Content starts

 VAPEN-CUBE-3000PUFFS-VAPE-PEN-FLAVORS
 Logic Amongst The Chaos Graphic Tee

Content ends
Content starts

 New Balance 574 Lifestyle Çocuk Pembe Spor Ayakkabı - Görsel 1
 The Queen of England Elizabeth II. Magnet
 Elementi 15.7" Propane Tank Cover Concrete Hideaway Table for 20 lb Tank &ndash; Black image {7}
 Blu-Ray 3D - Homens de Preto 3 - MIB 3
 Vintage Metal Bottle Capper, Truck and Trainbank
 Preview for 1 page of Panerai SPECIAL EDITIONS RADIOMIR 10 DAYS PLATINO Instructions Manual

Content ends

### TASK TO CARRY OUT
Find the line with "New Balance 574" in the entries above. Retype it and each line after it, exactly, through the line with "Preview for 1", and stop there.

### OUTPUT OF THE TASK
 New Balance 574 Lifestyle Çocuk Pembe Spor Ayakkabı - Görsel 1
 The Queen of England Elizabeth II. Magnet
 Elementi 15.7" Propane Tank Cover Concrete Hideaway Table for 20 lb Tank &ndash; Black image {7}
 Blu-Ray 3D - Homens de Preto 3 - MIB 3
 Vintage Metal Bottle Capper, Truck and Trainbank
 Preview for 1 page of Panerai SPECIAL EDITIONS RADIOMIR 10 DAYS PLATINO Instructions Manual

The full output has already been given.